Sebbene non vengano nominati apertamente, le sue parole sono risuonate come una minaccia diretta ai satelliti Starlink forniti da Elon Musk e dalla sua società SpaceX, diventati essenziali per le comunicazioni ucraine nella parte orientale del Paese.
«Vorremmo sottolineare una tendenza estremamente pericolosa che va oltre l’uso innocuo delle tecnologie spaziali ed è emersa durante gli eventi in Ucraina: l’uso da parte degli Stati Uniti e dei loro alleati di infrastrutture civili nello spazio, comprese quelle commerciali, per scopi militari», ha sostenuto il capodelegazione russo Vorontsov. «Sembra che i nostri colleghi non si rendano conto che tali azioni costituiscono un coinvolgimento indiretto nei conflitti militari».

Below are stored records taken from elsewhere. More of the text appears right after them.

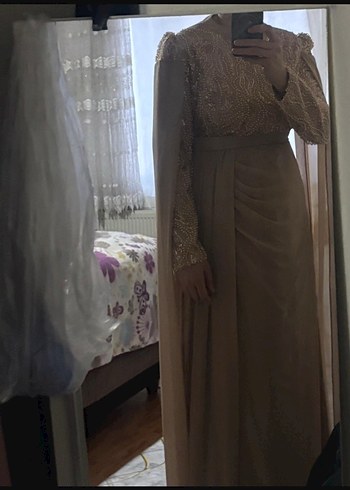 Bej Drapeli Uzun Kollu Abiye Elbise - Görsel 2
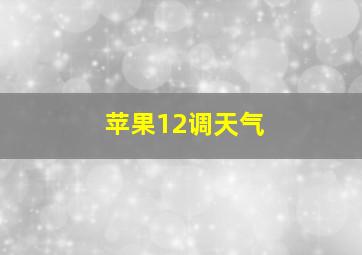 苹果12调天气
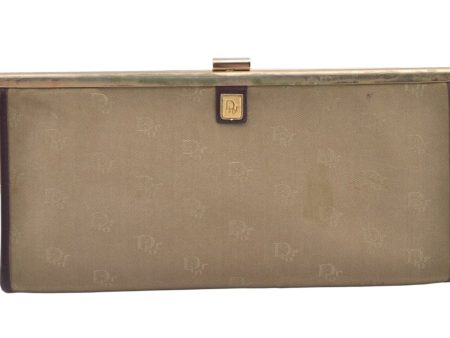 Authentic Christian Dior Clutch Hand Bag Purse Nylon Leather Beige CD 0995K Supply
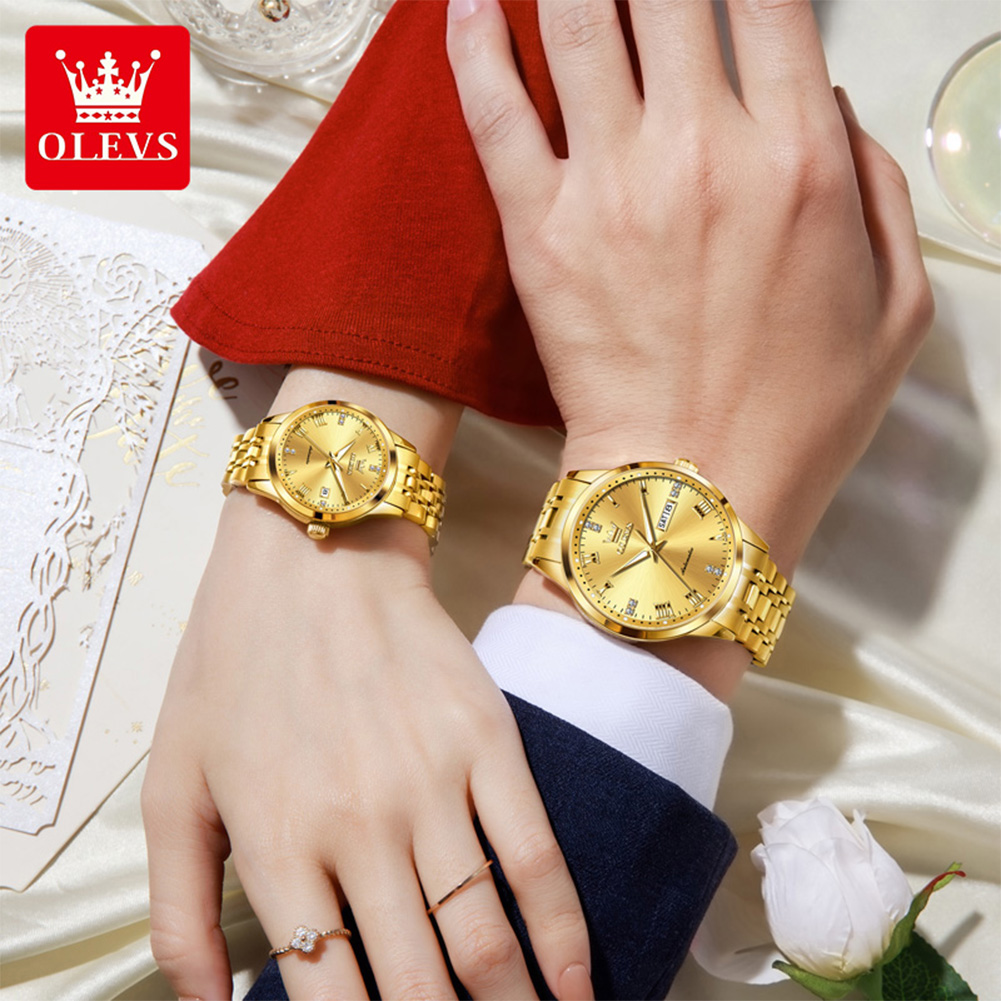 OLEVS カップルウォッチブランドの高級ゴールド全自動機械 - Luxury Watch All Brands のレビューと価格
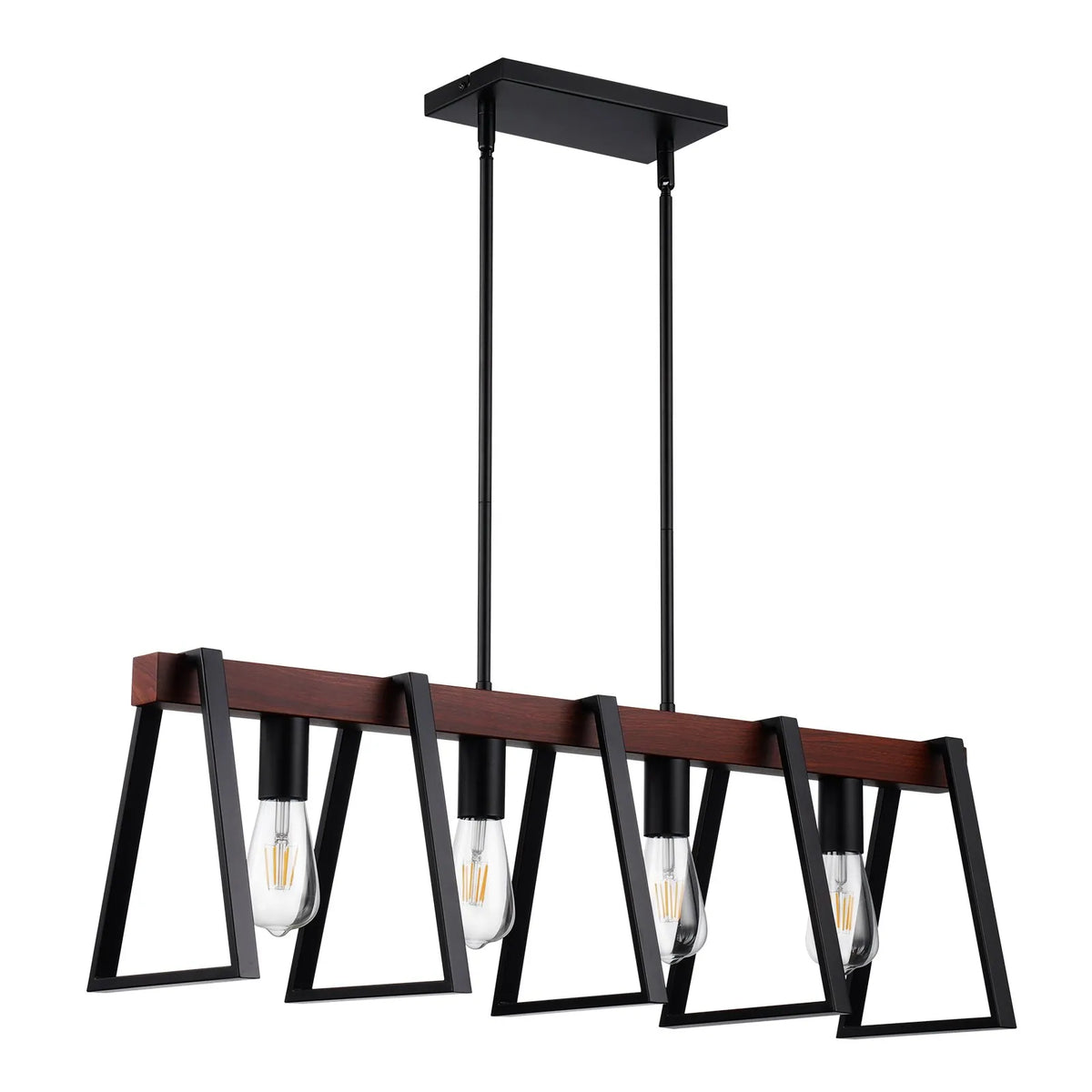 4-Light Kitchen Island Pendant Lamp, 60 W, Adjustable Dining Room Lighting with 2 x 152 mm and 6 x 305 mm Rods, Industrial Metal Frame Linear Chandelier Lighting for Dining Room, E27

All’inizio del conflitto, quando l’Armata aveva scollegato l’Ucraina dalla rete internet con degli strike mirati, solo i satelliti inviati dall’uomo più ricco del mondo avevano permesso di ripristinare una connessione stabile per scopi civili, ma anche militari.

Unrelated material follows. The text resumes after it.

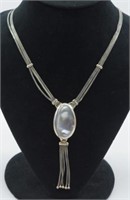 Fine sterling silver necklace with MOP pendant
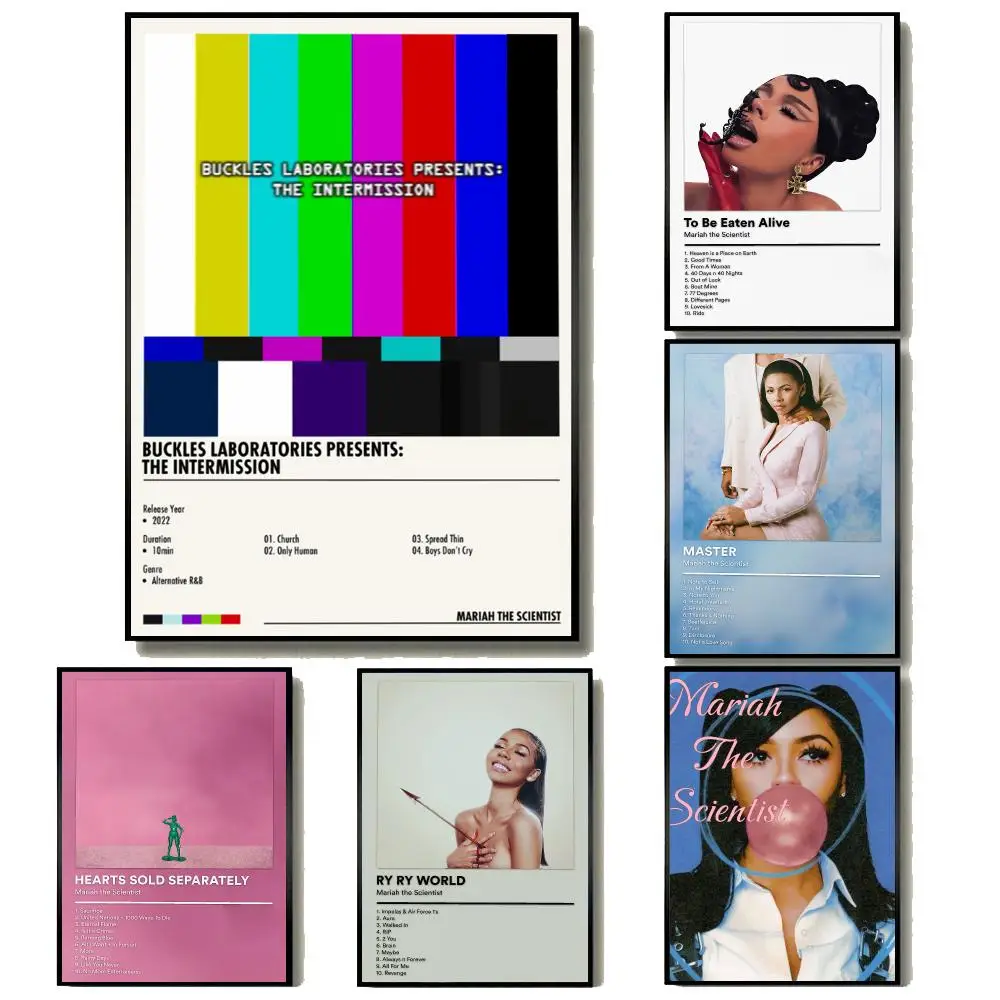 R&B Singer M-Mariah the Scientist Poster Modern Minimalist Wall Art Prints for Home Decor Interior Bedroom Living Room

Il network di SpaceX viene ora utilizzato per permettere ai cittadini di parlare con i propri cari, per diffondere i discorsi quotidiani del presidente Volodymyr Zelensky, ma anche per assistere i bombardamenti dei droni contro le posizioni russe. Già a maggio Musk era stato accusato dal capo dell’Agenzia spaziale russa di «sostenere le forze fasciste in Ucraina con le comunicazioni militari».
Poco dopo, lo stesso Musk aveva denunciato un cyber attacco contro il sistema, una «costellazione» di satelliti che fluttuano a bassa quota nei cieli ucraini, a circa 200 chilometri d’altezza, e permettono di navigare ad alta velocità: proprio il funzionamento «in gruppo» rende inoltre difficile neutralizzarli, perché i russi dovrebbero colpirli tutti per far saltare la connessione. «Abbiamo oltre 11 mila stazioni e ci aiutano nella nostra battaglia quotidiana, su tutti i fronti», aveva quantificato a giugno il vicepremier ucraino Mykhailo Fedorov, il ministro del digitale che due giorni dopo l’invasione aveva sollecitato l’invio dei satelliti con un tweet diretto proprio a Musk, il quale aveva provveduto immediatamente con l’aiuto di finanziamenti privati e governativi.
I droni
L’utilizzo di droni d’attacco iraniani da parte degli invasori è fatto noto. Solo che adesso Kiev fa «pubblicità» al nemico rivelando che questi velivoli ribattezzati Geranium 2 (in realtà sono gli Shahed 136) hanno distrutto 4 sistemi d’artiglieria pesante e un blindato nella regione di Kharkiv. Dunque target preziosi. I mezzi forniti da Teheran sono temuti in quanto la resistenza non ha uno scudo sufficiente per contrastarli. Infatti gli ucraini, oltre a dare i particolari sui raid, hanno subito chiesto all’Occidente apparati in grado di abbatterli, equipaggiamenti in aggiunta a quelli garantiti nelle ultime settimane. Secondo l’intelligence americana gli ayatollah avrebbero messo a disposizione degli occupanti alcune centinaia di questi velivoli. È stato escluso dalle fonti Usa, invece, un supporto bellico diretto da parte della Cina.
Pragmatismo
Il pragmatismo domina i vertici del Pentagono. Visitando le truppe statunitensi presenti in Polonia, il capo di Stato Maggiore Mark Milley ha invitato a stare sempre in guardia:
«In un conflitto non hai mai un’assoluta certezza su quello che verrà dopo».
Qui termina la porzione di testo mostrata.